For a brief time after high school I lived in a cabin in the woods with another guy. Our neighbors who allowed us to build a cabin on their property had a nice personal library I would raid for reading material. One of the items was Donald Westlake's “The Hot Rock”, a funny caper novel about a hapless group of criminals who keep trying to steal a diamond and failing, over and over again, coming up with increasingly outlandish plans. I was giggling throughout, and occasionally burst out laughing. This greatly annoyed my roommate who couldn't get away without going outside and walking around the wilderness. I couldn't help it, though; I couldn't stop laughing.
Flash forward fifty years (yeah, I'm old). I've now read all of the Dortmunder novels, of which “The Hot Rock” was the first, and many of Westlake's other funny novels. However, this one got away from me. So I was delighted to find it reprinted by Hard Case Crime after being out of print for 30 years.
In this one, the first person narrator is a practical joker who became one because his last name is a dirty slang term (without an umlaut) and developed revenge skills against his tormentors. Unfortunately, one of his practical jokes gets some people hurt and he is sentenced to a stint in prison. He falls in with a group of prisoners who have the ability to go in and out of prison, and they plan a bank robbery because they have the perfect alibi – they're already in the slammer! Our hero is not really a crook, but can't get out of the robbery, so uses his practical joking skills to foil the robbery – again and again.
Westlake did work to a type of formula (the foiled crime plot), but he's so clever and funny that you don't mind, even when you see where he's going. I found myself giggling again, which is rare for me when reading.

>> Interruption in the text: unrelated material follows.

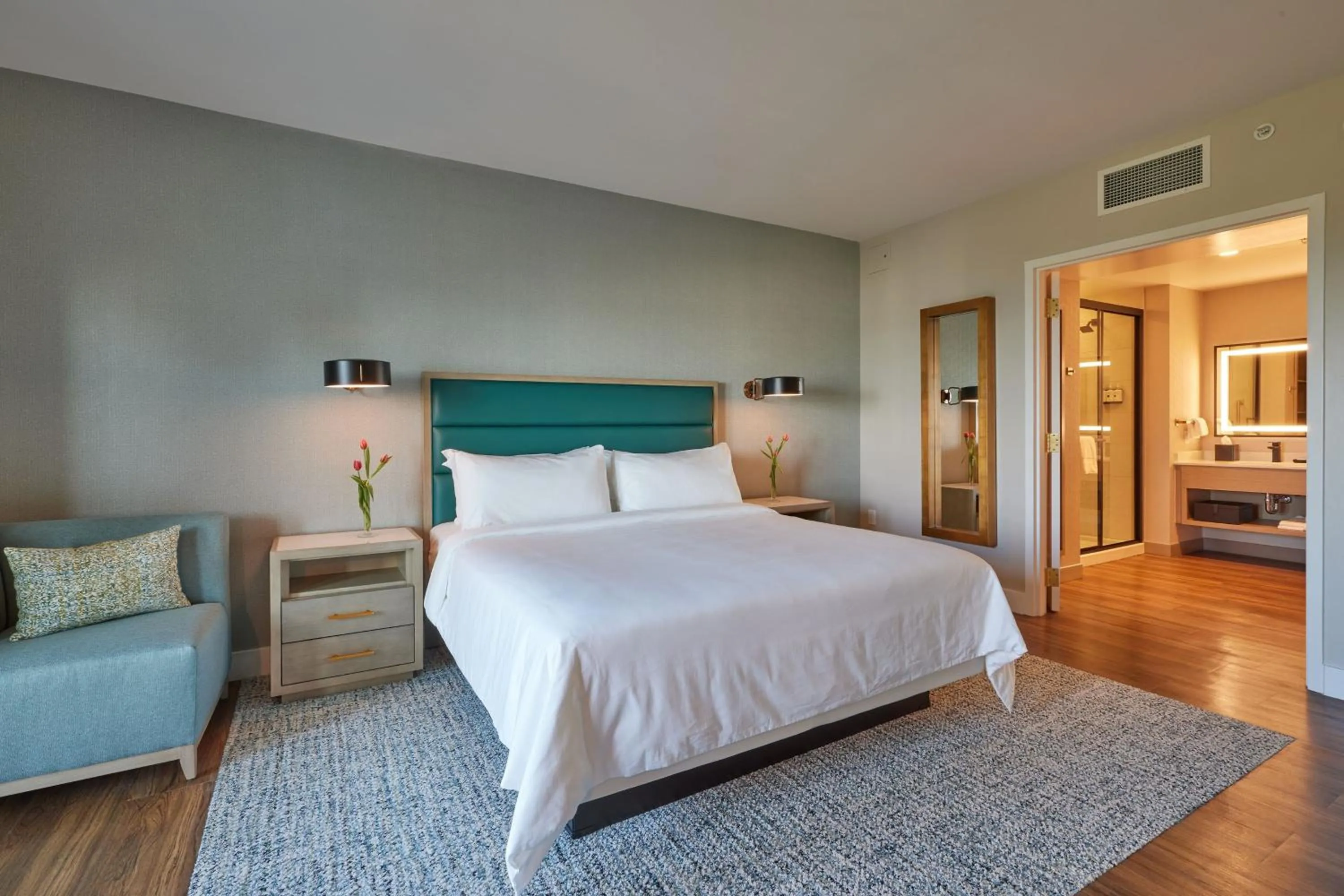 Bedroom, Bed in Hotel Effie Sandestin Resort, Autograph Collection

This book was published in 1974 so there are now a lot of period items (like pay phones) in it, also the attitude toward prison is a little too breezy for comfort, but Westlake was working to a formula as I said and wants to keep it light. It's not like he doesn't know about the harshness of prison – the Attica prison riots happened just three years earlier. But he knows the kind of story he wants to write, and he's very good at it.